> **What to do**
Your copy should match the entries exactly, except that it holds no pictures.

[Captioned web images]
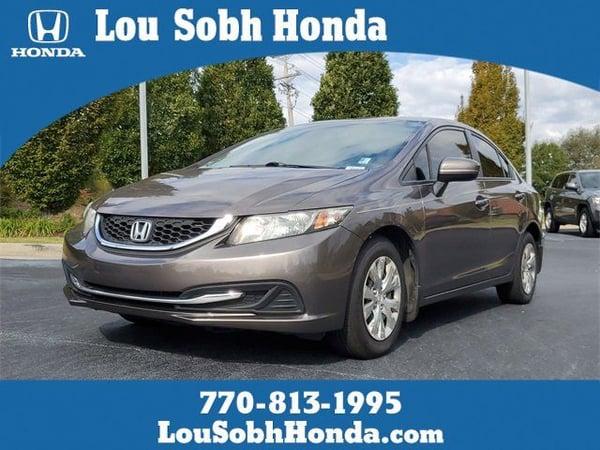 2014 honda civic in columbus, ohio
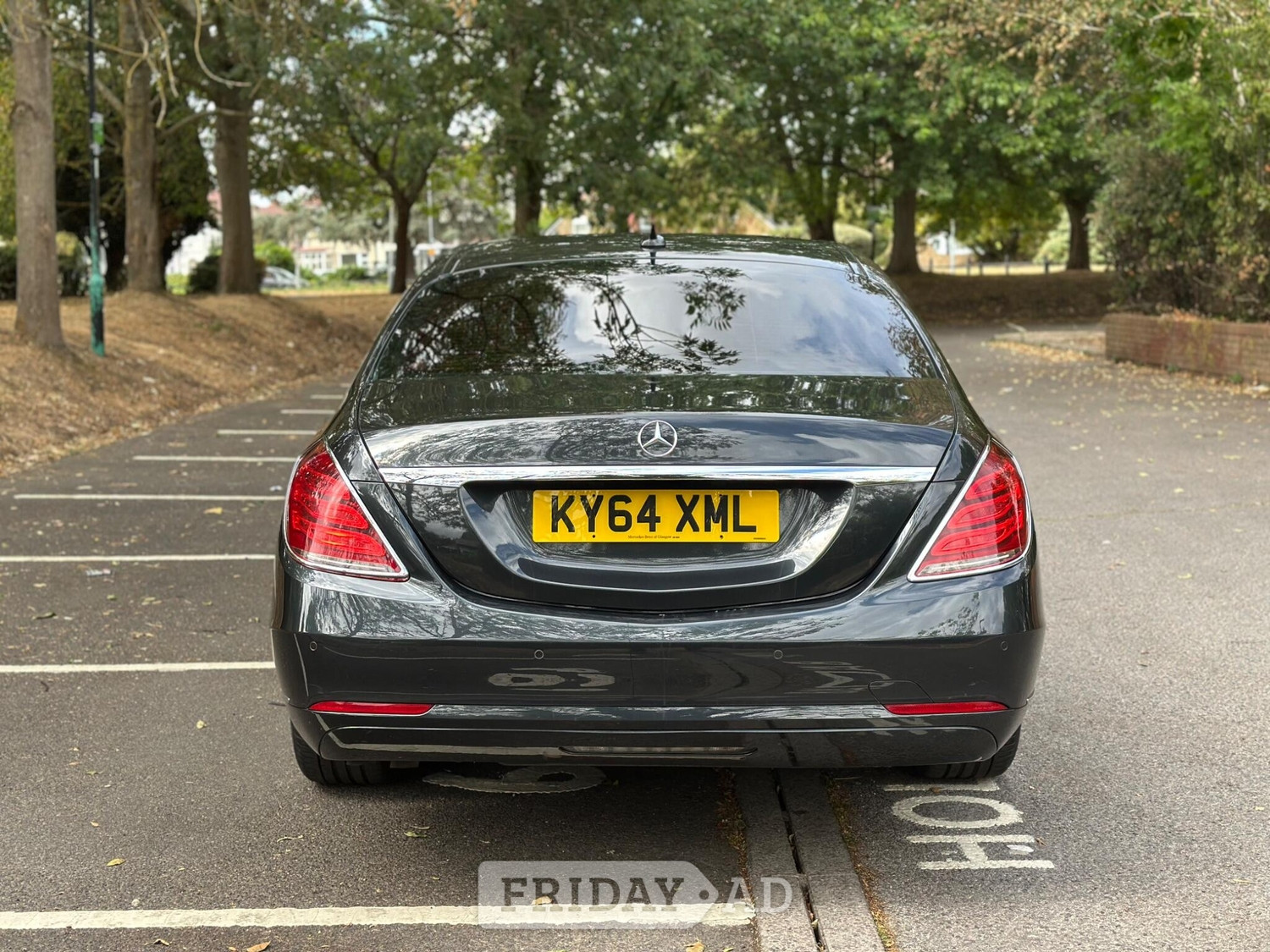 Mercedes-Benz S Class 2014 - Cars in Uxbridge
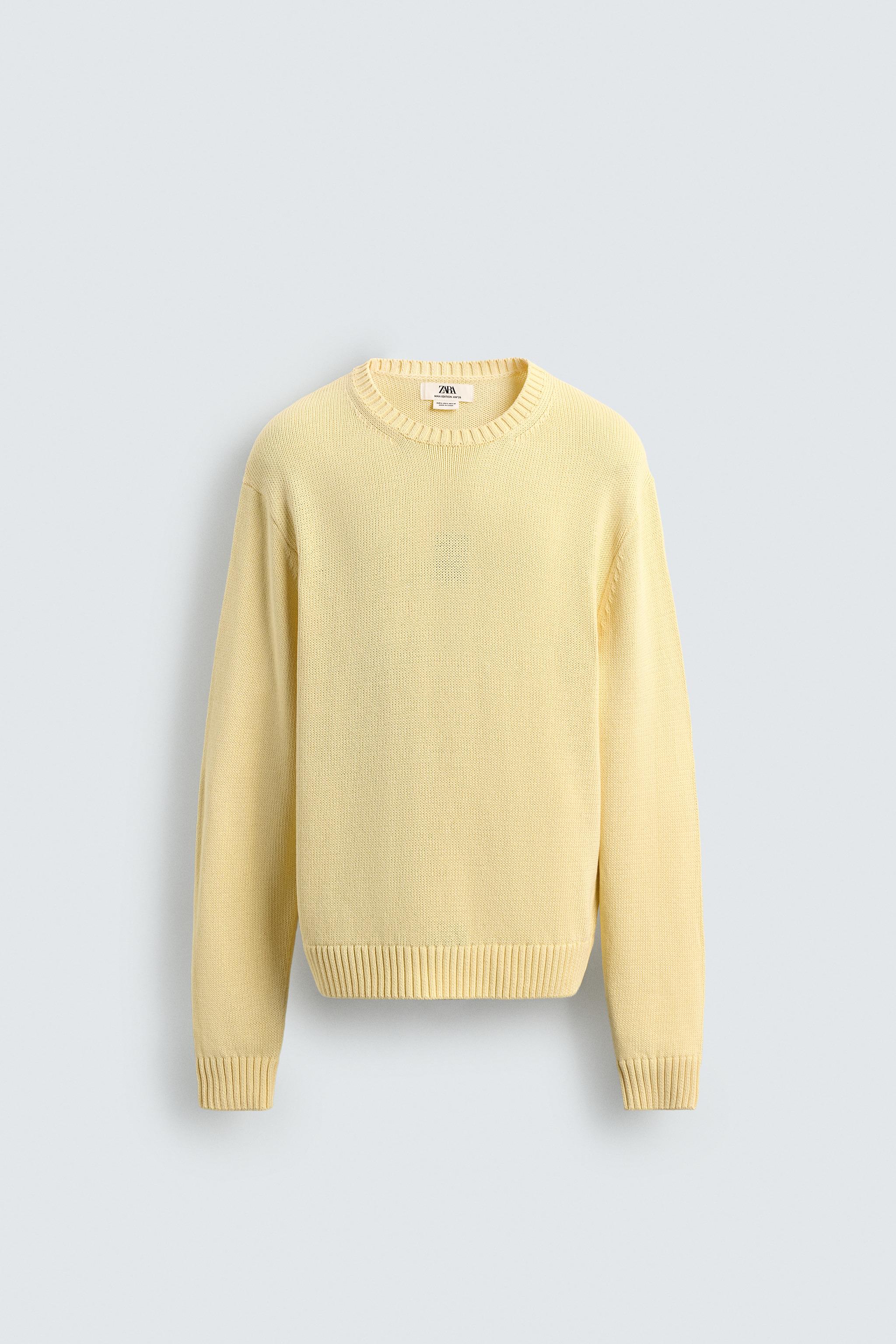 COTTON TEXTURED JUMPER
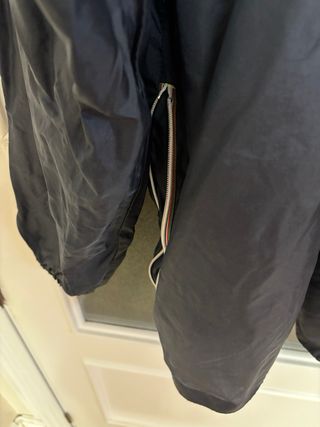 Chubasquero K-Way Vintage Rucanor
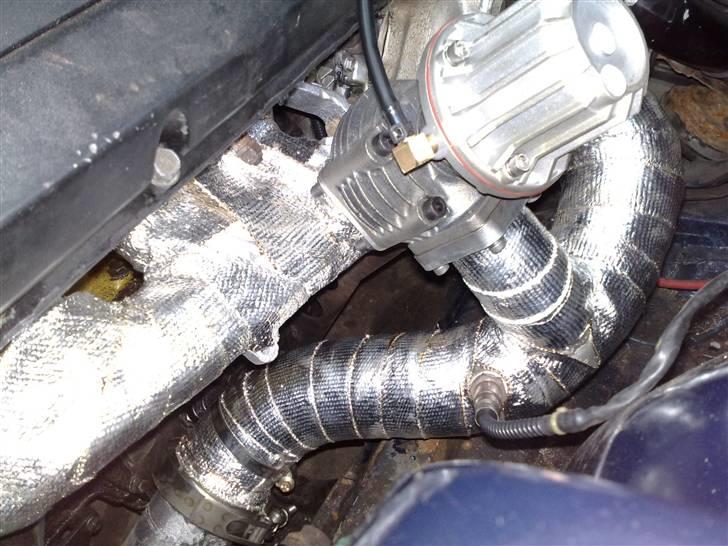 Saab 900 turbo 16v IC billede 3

> **Result of this exercise**
 2014 honda civic in columbus, ohio
 Mercedes-Benz S Class 2014 - Cars in Uxbridge
 COTTON TEXTURED JUMPER
 Chubasquero K-Way Vintage Rucanor
 Saab 900 turbo 16v IC billede 3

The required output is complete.